• **AIM OF THE EXERCISE**
Quote exactly and only this range of lines in the data below: the line that holds "Scroll Damask Large" to the line that holds "Chemical structure of", both included.

• **ENTRIES PROVIDED**
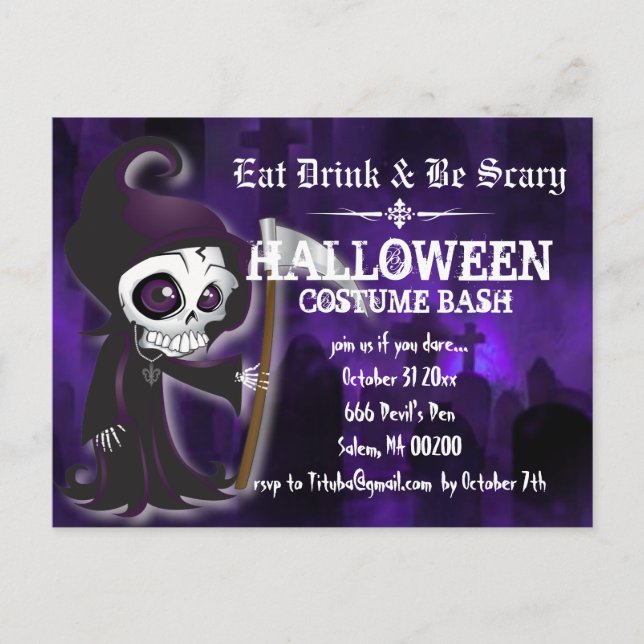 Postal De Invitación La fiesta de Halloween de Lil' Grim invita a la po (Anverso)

==

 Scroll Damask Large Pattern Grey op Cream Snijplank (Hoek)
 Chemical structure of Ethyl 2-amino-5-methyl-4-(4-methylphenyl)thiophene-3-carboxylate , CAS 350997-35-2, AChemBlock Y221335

==

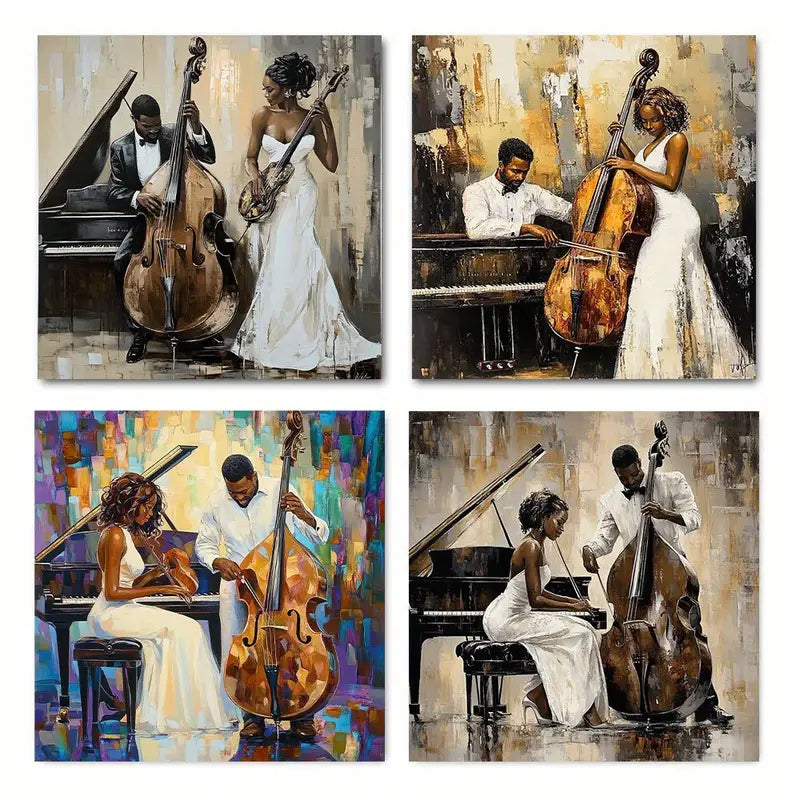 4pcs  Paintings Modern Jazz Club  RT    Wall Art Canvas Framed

• **SOLUTION TO THIS TASK**
 Scroll Damask Large Pattern Grey op Cream Snijplank (Hoek)
 Chemical structure of Ethyl 2-amino-5-methyl-4-(4-methylphenyl)thiophene-3-carboxylate , CAS 350997-35-2, AChemBlock Y221335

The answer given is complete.